:: Your objective ::
Give back exactly the line containing "backside of toddler" and all that follow it in the data below, with the pictures left out.

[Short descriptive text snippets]
#####
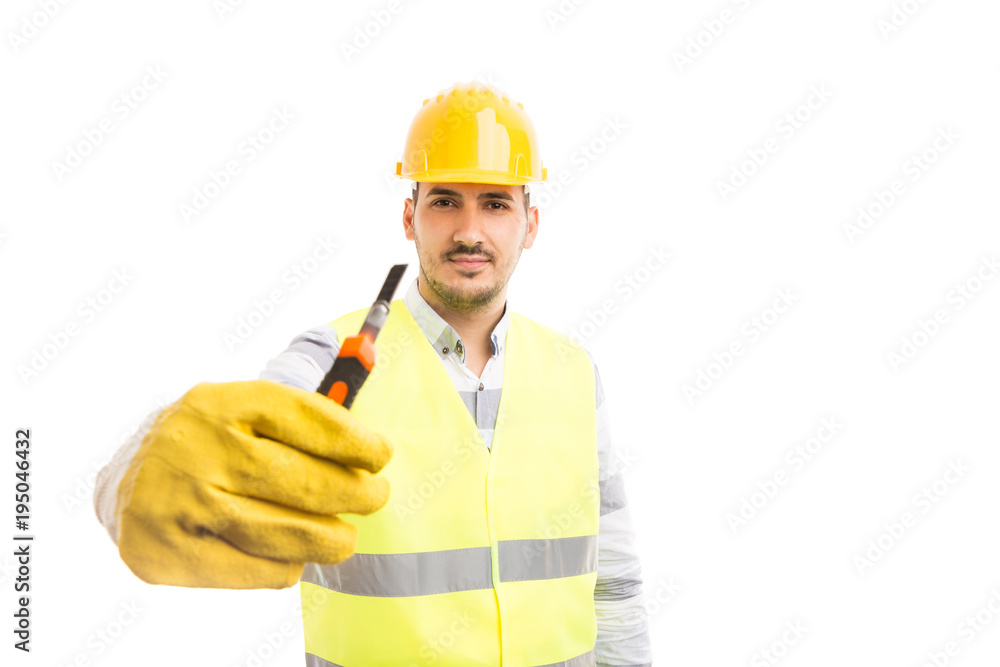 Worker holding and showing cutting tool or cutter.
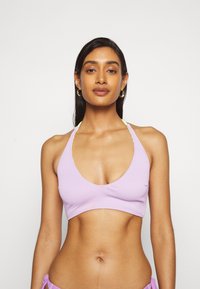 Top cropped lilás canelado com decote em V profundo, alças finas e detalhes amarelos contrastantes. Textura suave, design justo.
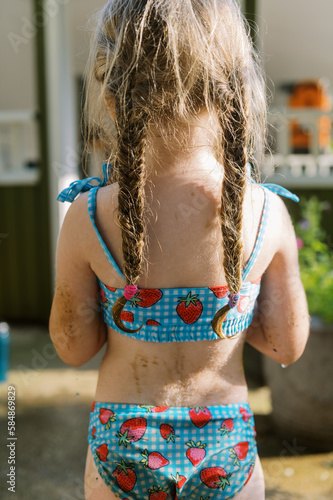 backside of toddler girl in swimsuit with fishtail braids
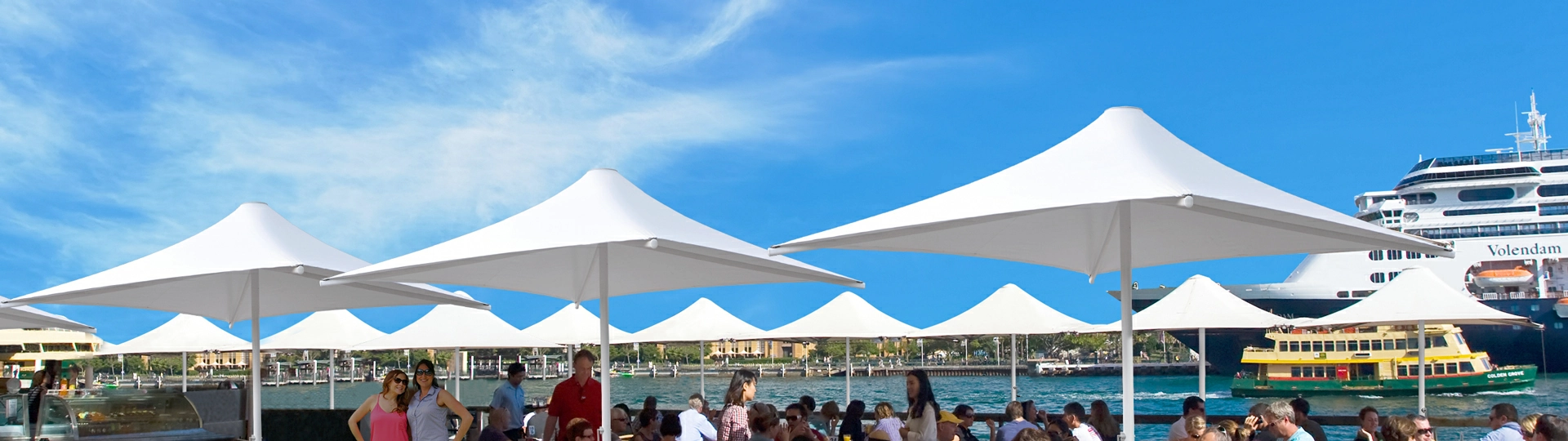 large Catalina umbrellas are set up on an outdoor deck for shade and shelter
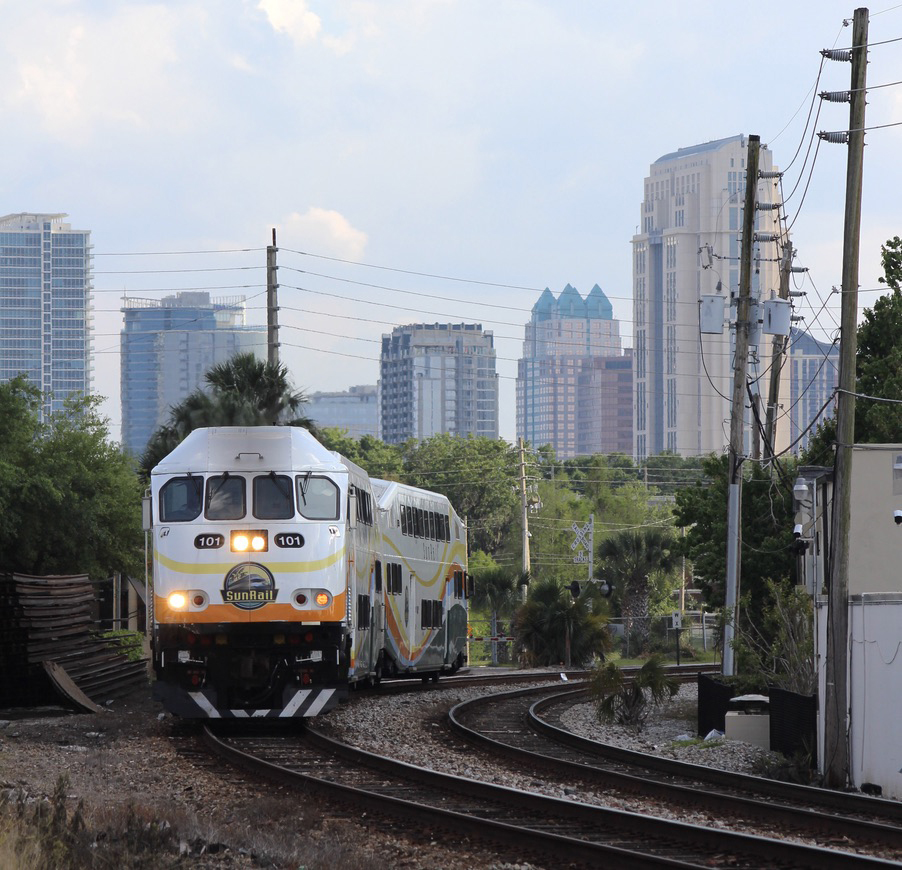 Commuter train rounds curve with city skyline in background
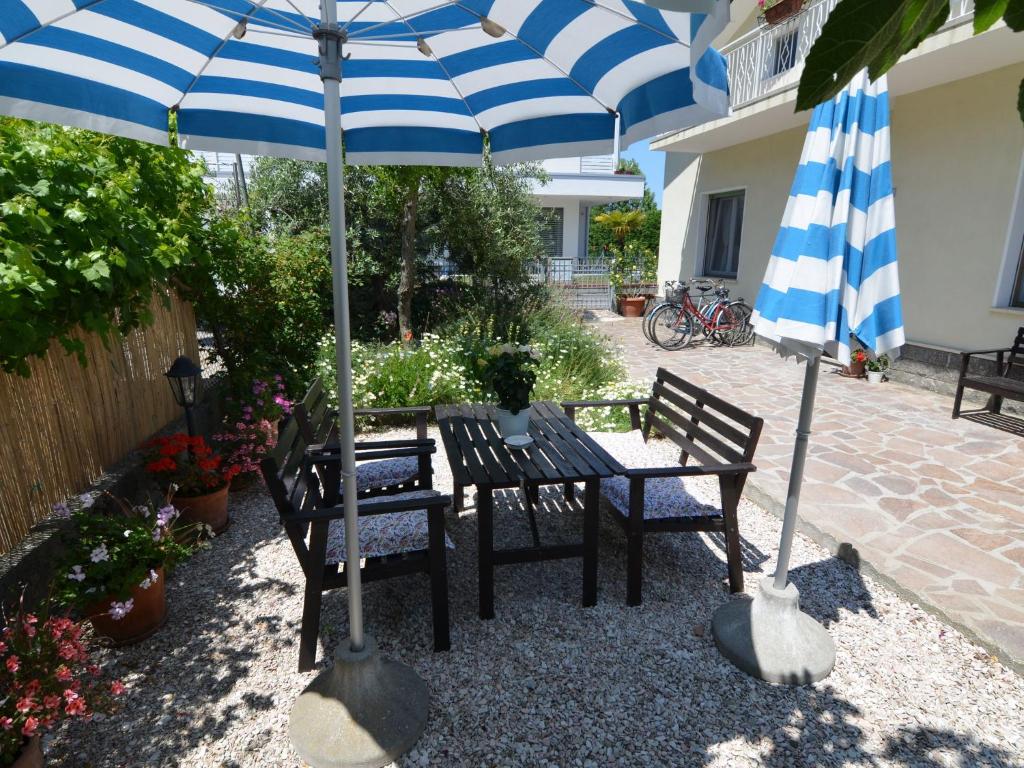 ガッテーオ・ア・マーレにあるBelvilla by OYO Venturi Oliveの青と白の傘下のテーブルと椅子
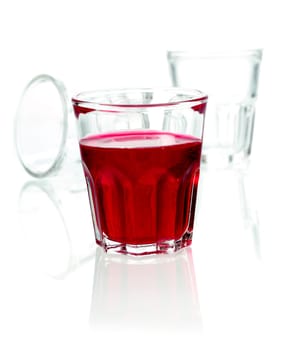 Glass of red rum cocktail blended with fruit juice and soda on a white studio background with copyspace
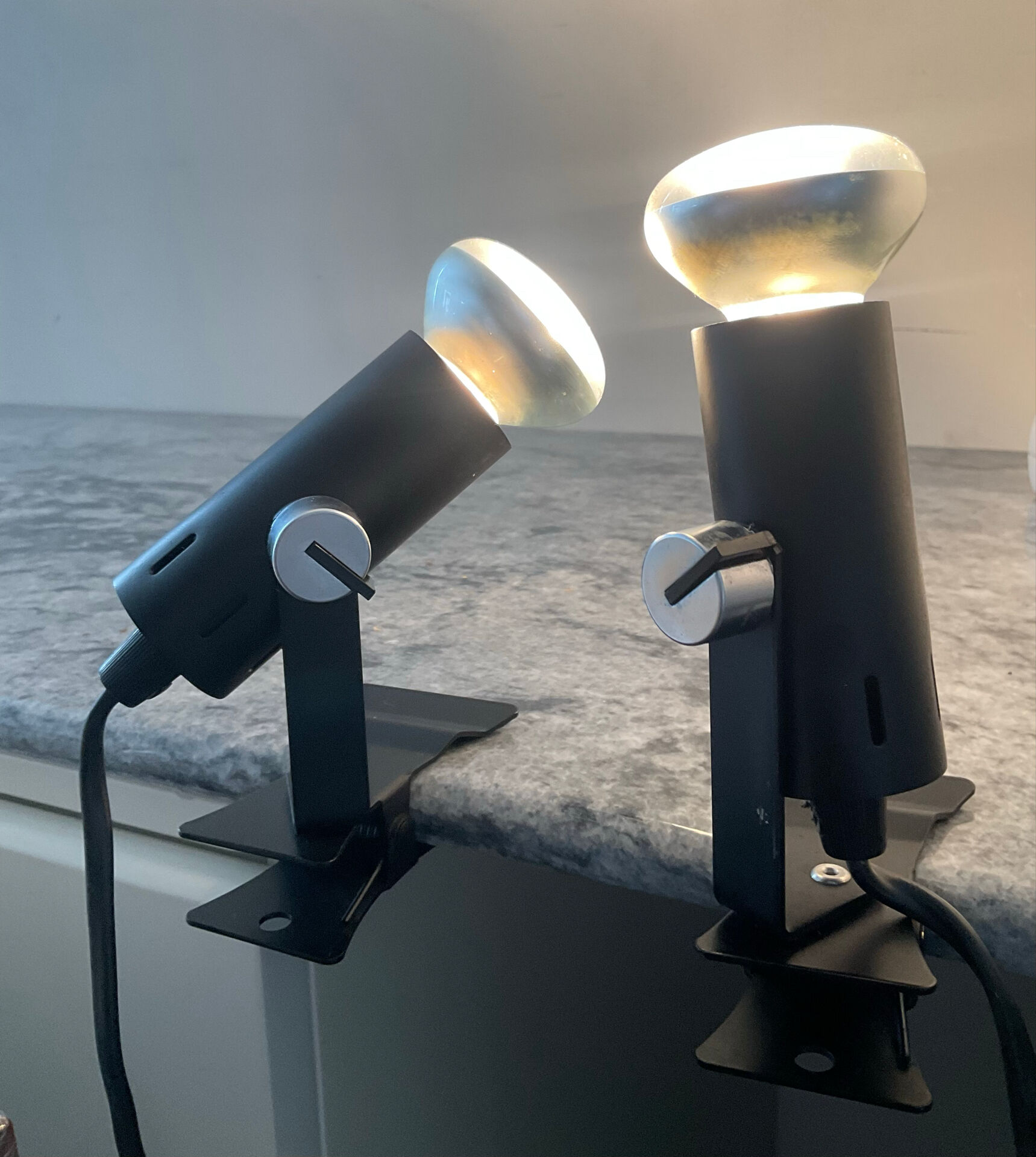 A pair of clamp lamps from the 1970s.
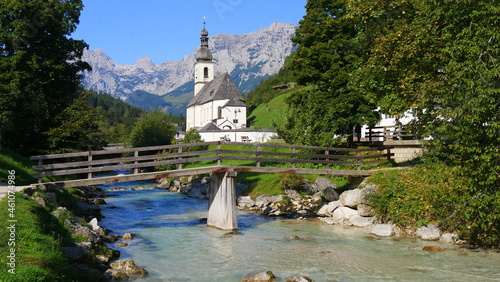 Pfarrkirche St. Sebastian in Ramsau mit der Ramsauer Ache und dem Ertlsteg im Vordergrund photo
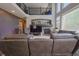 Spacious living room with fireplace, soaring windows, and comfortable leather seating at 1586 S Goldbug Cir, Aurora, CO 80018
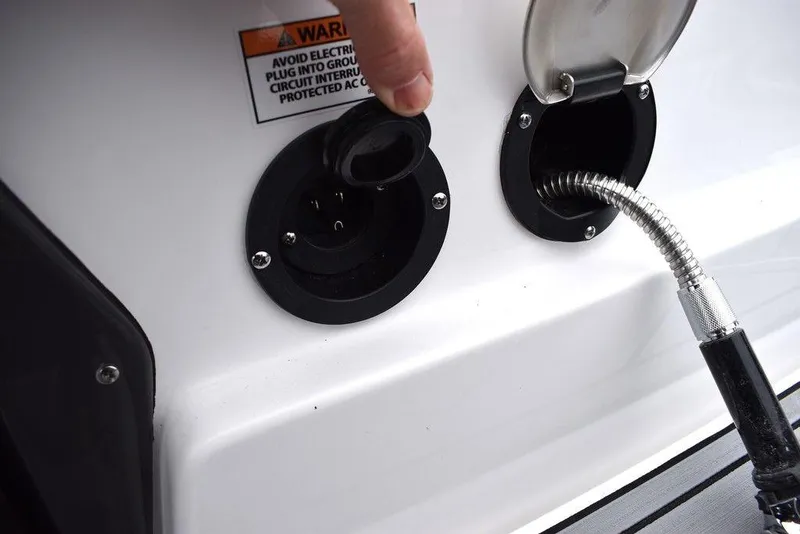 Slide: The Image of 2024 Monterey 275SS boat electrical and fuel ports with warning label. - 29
#####
:: Problem solution ::
 backside of toddler girl in swimsuit with fishtail braids
 large Catalina umbrellas are set up on an outdoor deck for shade and shelter
 Commuter train rounds curve with city skyline in background
 ガッテーオ・ア・マーレにあるBelvilla by OYO Venturi Oliveの青と白の傘下のテーブルと椅子
 Glass of red rum cocktail blended with fruit juice and soda on a white studio background with copyspace
 A pair of clamp lamps from the 1970s.
 Pfarrkirche St. Sebastian in Ramsau mit der Ramsauer Ache und dem Ertlsteg im Vordergrund photo
 Spacious living room with fireplace, soaring windows, and comfortable leather seating at 1586 S Goldbug Cir, Aurora, CO 80018
 Slide: The Image of 2024 Monterey 275SS boat electrical and fuel ports with warning label. - 29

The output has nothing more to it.